0

Okay, so I've been utilizing HTML tidy to convert regular HTML webpages into XHTML suitable for parsing. The problem is the test page I saved in firefox had its html apparently somewhat precleaned by firefox during saving, call this File F. Html tidy works fine on file F, but fails on the raw data written to a file via .NET (file N). Html tidy is complaining about form tags being intermixed with table tags. The Html isn't mine so I can't just fix the source.

How do I clean up file N enough so that it can be run through Html tidy? Is there a standard way of hooking into Firefox (completely programmically without having to use mouse or keyboard) or another tool that will apply extra fixes to the html?

Peter Smith
  • 849
  • 2
  • 11
  • 28

2 Answers2

1

I had been using HTML tidy for some time, but then found that I was getting better results from TagSoup.

It can be used as a JAXP parser, converting non-wellformed HTML on the fly.

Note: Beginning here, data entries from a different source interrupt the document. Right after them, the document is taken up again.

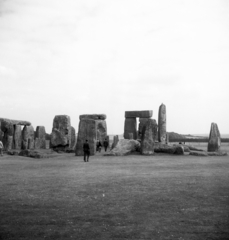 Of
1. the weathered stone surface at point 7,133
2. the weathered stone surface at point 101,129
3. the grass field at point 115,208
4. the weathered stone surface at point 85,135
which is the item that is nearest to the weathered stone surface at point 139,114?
the weathered stone surface at point 101,129

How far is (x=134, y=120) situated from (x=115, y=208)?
22.7 metres

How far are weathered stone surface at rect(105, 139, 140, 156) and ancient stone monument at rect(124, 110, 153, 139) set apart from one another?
8.32 meters

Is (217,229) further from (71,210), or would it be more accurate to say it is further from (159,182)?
(159,182)

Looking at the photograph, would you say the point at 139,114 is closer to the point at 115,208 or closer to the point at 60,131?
the point at 60,131

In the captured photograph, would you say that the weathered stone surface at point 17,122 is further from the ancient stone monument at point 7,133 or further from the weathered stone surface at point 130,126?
the weathered stone surface at point 130,126

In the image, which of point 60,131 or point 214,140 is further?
point 60,131

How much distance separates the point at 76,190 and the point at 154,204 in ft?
7.17

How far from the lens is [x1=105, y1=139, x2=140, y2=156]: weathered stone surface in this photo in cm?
1762

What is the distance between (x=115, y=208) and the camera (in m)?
5.69

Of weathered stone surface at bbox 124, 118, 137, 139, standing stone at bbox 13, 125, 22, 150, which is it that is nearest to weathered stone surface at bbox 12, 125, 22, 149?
standing stone at bbox 13, 125, 22, 150

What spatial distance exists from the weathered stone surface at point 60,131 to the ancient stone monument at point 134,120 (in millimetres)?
6861

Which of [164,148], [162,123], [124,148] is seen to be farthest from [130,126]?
[124,148]

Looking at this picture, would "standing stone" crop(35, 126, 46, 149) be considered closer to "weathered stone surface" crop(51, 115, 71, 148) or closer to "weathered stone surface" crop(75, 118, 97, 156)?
"weathered stone surface" crop(51, 115, 71, 148)

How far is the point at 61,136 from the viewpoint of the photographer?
22234 millimetres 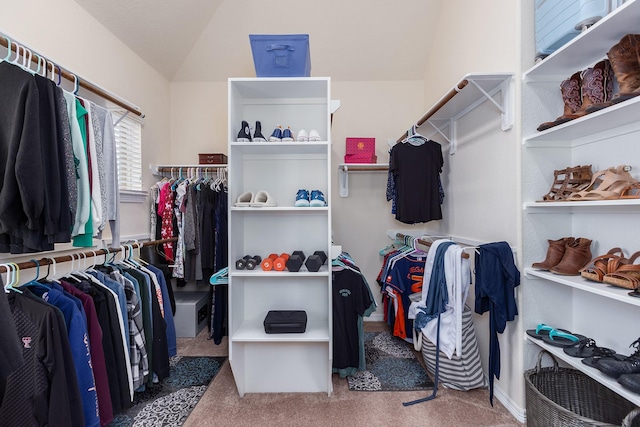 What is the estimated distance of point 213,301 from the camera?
2834 mm

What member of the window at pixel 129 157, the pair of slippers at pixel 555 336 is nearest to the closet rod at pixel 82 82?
the window at pixel 129 157

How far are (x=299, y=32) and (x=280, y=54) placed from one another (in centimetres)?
149

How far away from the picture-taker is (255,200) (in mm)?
1955

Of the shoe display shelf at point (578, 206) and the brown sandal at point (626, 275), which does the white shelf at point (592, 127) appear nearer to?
the shoe display shelf at point (578, 206)

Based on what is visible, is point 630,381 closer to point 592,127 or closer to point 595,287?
point 595,287

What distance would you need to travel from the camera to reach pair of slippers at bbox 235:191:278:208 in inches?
75.6

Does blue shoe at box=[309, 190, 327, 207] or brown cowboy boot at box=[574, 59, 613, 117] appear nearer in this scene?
brown cowboy boot at box=[574, 59, 613, 117]

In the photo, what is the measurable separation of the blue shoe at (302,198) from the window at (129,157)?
1.62 metres

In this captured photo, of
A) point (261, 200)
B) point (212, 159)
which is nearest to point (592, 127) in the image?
point (261, 200)

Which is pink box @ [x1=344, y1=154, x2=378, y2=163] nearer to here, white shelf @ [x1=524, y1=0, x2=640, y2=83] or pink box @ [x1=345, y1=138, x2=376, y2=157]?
pink box @ [x1=345, y1=138, x2=376, y2=157]

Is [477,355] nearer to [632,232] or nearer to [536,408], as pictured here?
[536,408]

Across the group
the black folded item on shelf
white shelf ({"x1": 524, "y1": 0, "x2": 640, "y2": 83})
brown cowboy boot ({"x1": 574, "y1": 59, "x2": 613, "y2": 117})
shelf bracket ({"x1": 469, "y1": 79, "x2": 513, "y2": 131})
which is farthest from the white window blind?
brown cowboy boot ({"x1": 574, "y1": 59, "x2": 613, "y2": 117})

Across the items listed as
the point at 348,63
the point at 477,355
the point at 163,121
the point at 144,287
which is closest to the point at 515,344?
the point at 477,355

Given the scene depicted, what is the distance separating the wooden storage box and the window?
567 millimetres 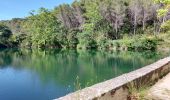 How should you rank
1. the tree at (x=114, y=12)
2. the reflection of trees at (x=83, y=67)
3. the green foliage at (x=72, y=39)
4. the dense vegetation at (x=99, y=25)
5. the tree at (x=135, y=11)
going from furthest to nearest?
the green foliage at (x=72, y=39)
the tree at (x=114, y=12)
the tree at (x=135, y=11)
the dense vegetation at (x=99, y=25)
the reflection of trees at (x=83, y=67)

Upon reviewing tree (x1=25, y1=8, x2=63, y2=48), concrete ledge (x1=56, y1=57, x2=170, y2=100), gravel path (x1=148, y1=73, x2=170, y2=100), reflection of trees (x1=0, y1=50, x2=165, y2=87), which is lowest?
reflection of trees (x1=0, y1=50, x2=165, y2=87)

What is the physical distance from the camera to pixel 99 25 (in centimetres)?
5672

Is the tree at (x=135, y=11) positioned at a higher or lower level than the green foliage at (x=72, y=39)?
higher

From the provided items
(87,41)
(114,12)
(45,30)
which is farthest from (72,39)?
(114,12)

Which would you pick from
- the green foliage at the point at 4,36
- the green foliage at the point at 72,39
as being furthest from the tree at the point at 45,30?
the green foliage at the point at 4,36

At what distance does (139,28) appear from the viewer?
56.9m

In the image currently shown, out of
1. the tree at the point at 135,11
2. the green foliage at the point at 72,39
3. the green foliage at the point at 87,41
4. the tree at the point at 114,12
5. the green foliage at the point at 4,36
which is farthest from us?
the green foliage at the point at 4,36

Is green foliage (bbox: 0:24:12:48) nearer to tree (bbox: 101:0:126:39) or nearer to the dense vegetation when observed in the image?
the dense vegetation

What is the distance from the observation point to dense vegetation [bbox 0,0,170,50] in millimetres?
53106

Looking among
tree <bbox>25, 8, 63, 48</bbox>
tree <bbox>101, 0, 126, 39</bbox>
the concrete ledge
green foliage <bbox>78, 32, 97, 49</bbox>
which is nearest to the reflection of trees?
the concrete ledge

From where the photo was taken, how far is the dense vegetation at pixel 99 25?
53.1 m

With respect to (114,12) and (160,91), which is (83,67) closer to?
(160,91)

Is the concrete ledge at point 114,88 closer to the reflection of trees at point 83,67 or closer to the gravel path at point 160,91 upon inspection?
the gravel path at point 160,91

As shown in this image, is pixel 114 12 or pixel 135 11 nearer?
pixel 135 11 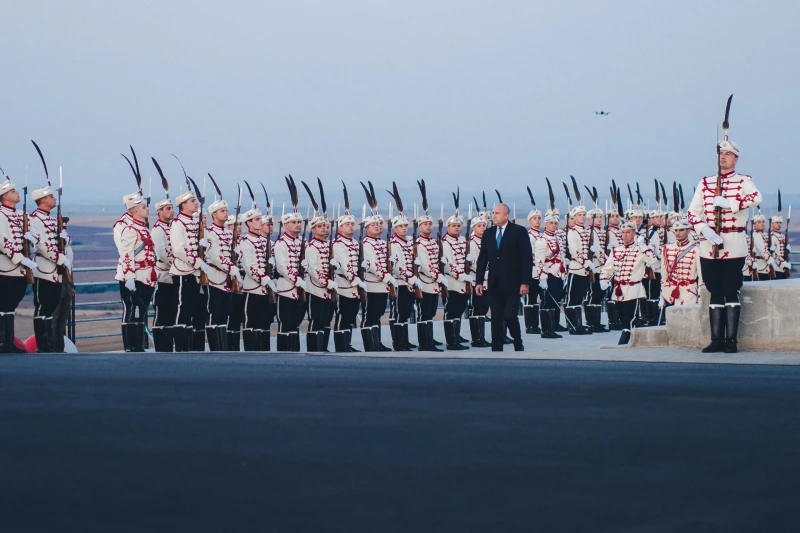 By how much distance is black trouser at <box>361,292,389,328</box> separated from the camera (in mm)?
18297

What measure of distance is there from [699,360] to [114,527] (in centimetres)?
729

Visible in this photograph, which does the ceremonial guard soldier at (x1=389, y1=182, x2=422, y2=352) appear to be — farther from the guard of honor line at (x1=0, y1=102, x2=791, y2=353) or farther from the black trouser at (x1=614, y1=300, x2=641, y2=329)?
the black trouser at (x1=614, y1=300, x2=641, y2=329)

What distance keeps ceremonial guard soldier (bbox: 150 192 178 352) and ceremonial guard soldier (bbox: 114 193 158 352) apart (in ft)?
0.37

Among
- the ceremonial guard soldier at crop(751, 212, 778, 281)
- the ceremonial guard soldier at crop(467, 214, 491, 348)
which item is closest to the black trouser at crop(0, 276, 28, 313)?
the ceremonial guard soldier at crop(467, 214, 491, 348)

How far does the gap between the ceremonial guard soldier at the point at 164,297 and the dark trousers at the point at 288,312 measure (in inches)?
62.8

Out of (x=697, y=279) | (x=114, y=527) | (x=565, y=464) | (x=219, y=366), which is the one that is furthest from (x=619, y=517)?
(x=697, y=279)

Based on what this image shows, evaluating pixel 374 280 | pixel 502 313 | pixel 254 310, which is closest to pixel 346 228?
pixel 374 280

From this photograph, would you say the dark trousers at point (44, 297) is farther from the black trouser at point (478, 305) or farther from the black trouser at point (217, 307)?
the black trouser at point (478, 305)

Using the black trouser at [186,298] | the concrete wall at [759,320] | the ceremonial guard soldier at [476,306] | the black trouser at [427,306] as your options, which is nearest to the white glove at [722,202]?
the concrete wall at [759,320]

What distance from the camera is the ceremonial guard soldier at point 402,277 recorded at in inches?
734

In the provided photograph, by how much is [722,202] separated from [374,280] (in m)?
7.00

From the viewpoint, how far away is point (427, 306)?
19.0 meters

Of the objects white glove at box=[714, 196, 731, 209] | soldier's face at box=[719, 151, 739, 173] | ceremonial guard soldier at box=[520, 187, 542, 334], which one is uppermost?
soldier's face at box=[719, 151, 739, 173]

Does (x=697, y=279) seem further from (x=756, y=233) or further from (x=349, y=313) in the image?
(x=756, y=233) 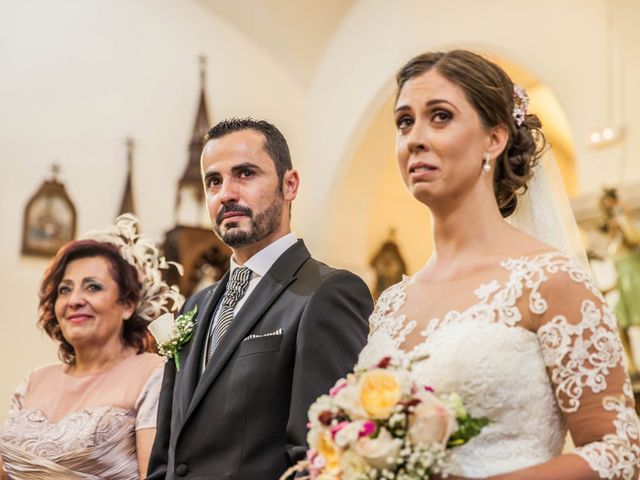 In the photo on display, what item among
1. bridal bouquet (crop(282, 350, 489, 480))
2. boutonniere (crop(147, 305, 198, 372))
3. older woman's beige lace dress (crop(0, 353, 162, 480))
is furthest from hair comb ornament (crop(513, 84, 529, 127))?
older woman's beige lace dress (crop(0, 353, 162, 480))

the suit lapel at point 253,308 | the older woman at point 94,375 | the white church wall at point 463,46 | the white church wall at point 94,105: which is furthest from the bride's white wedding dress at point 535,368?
the white church wall at point 94,105

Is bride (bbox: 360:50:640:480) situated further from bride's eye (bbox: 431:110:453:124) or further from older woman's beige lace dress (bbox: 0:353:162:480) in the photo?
older woman's beige lace dress (bbox: 0:353:162:480)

I usually let it parse the input for Saxon XQuery transformations.

But it can also be used as a stand-alone utility, as an executable jar.

Gunther
  • 5,146
  • 1
  • 24
  • 35
0

I wound up using SendKeys in C# and importing functions from user32.dll to set Firefox as the active window after launching it to the website I wanted (file:///myfilepathhere/).

SendKeys seemed to require running a windowed program, so I also added another executable which performs actions in its form_load() method.

By using alt+f, down six times, enter, wait for a bit, type full path file name, enter (twice) and then killing firefox, I was able to automate firefox's ability to clean some html up.

Peter Smith
  • 849
  • 2
  • 11
  • 28